◆ Problem:
Below are the records; copy exactly the lines from the first through the one containing "Bvlgari Helllila Lackleder", both included, and leave out the pictures.

◆ Record excerpts:
--------

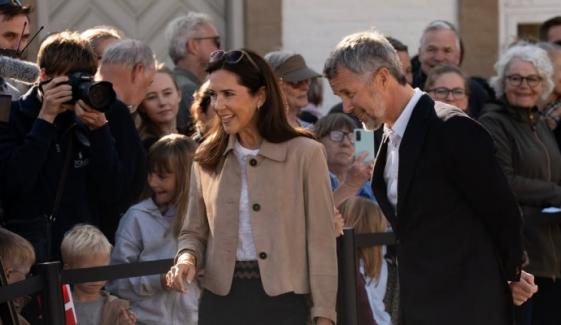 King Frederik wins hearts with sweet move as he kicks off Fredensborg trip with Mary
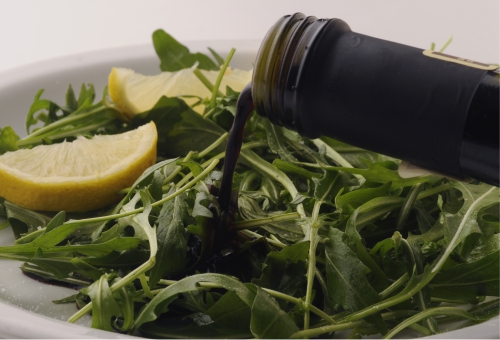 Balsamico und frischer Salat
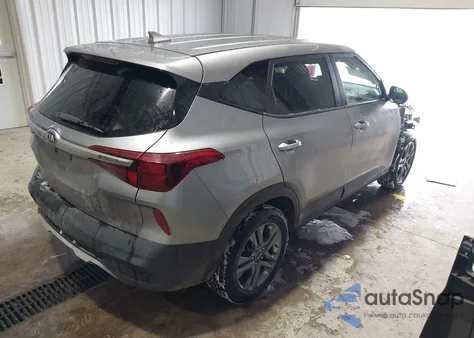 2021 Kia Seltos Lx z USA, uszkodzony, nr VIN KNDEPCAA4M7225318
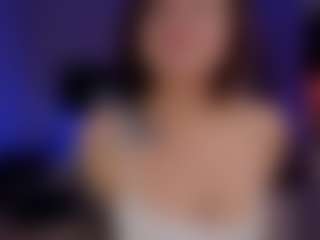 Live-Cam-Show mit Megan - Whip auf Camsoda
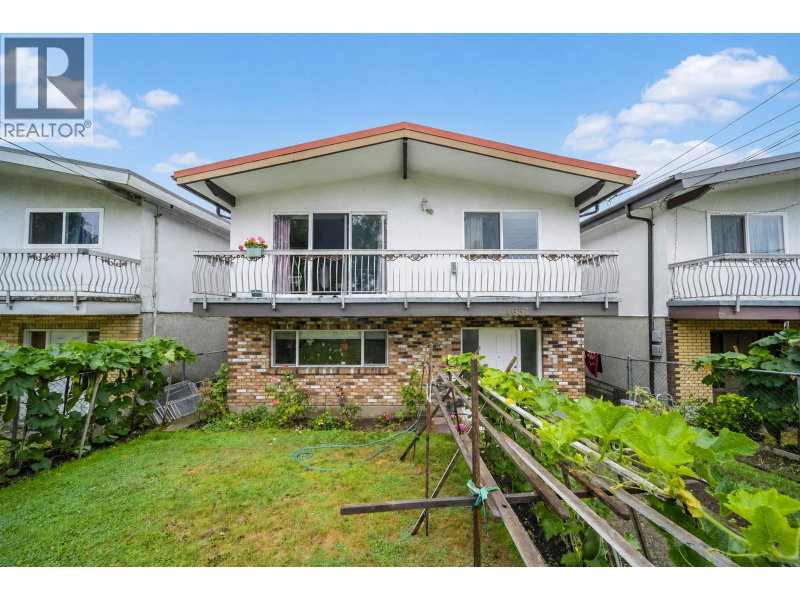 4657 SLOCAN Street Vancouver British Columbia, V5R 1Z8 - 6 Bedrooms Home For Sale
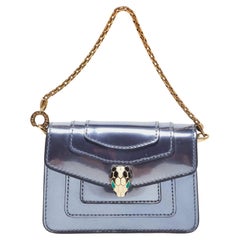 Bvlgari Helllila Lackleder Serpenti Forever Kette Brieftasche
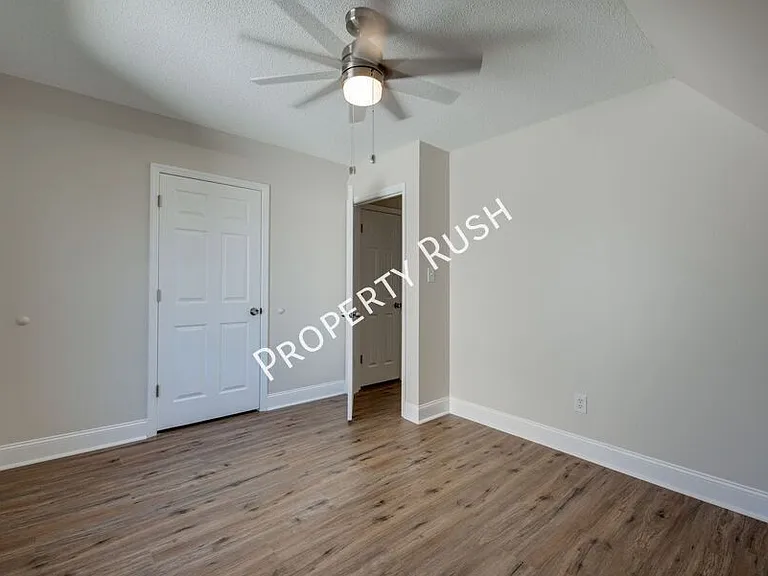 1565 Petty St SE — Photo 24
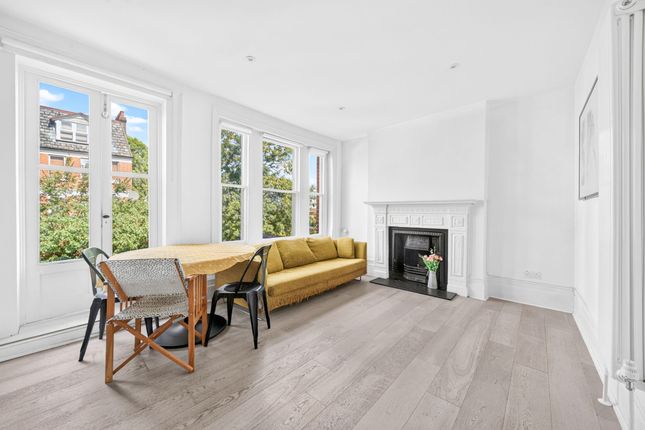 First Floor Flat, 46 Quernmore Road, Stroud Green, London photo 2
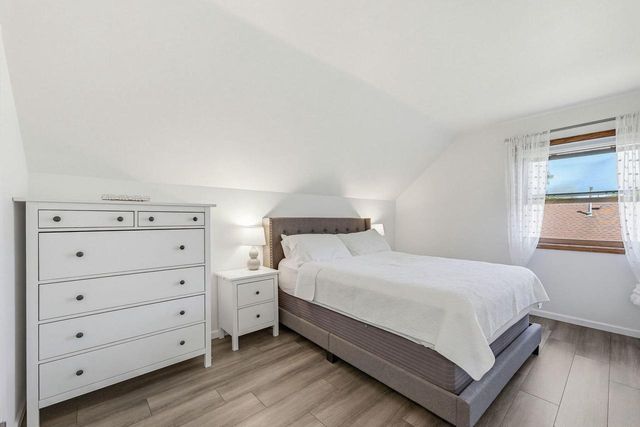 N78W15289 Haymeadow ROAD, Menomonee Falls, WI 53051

--------

◆ Answer space:
 King Frederik wins hearts with sweet move as he kicks off Fredensborg trip with Mary
 Balsamico und frischer Salat
 2021 Kia Seltos Lx z USA, uszkodzony, nr VIN KNDEPCAA4M7225318
 Live-Cam-Show mit Megan - Whip auf Camsoda
 4657 SLOCAN Street Vancouver British Columbia, V5R 1Z8 - 6 Bedrooms Home For Sale
 Bvlgari Helllila Lackleder Serpenti Forever Kette Brieftasche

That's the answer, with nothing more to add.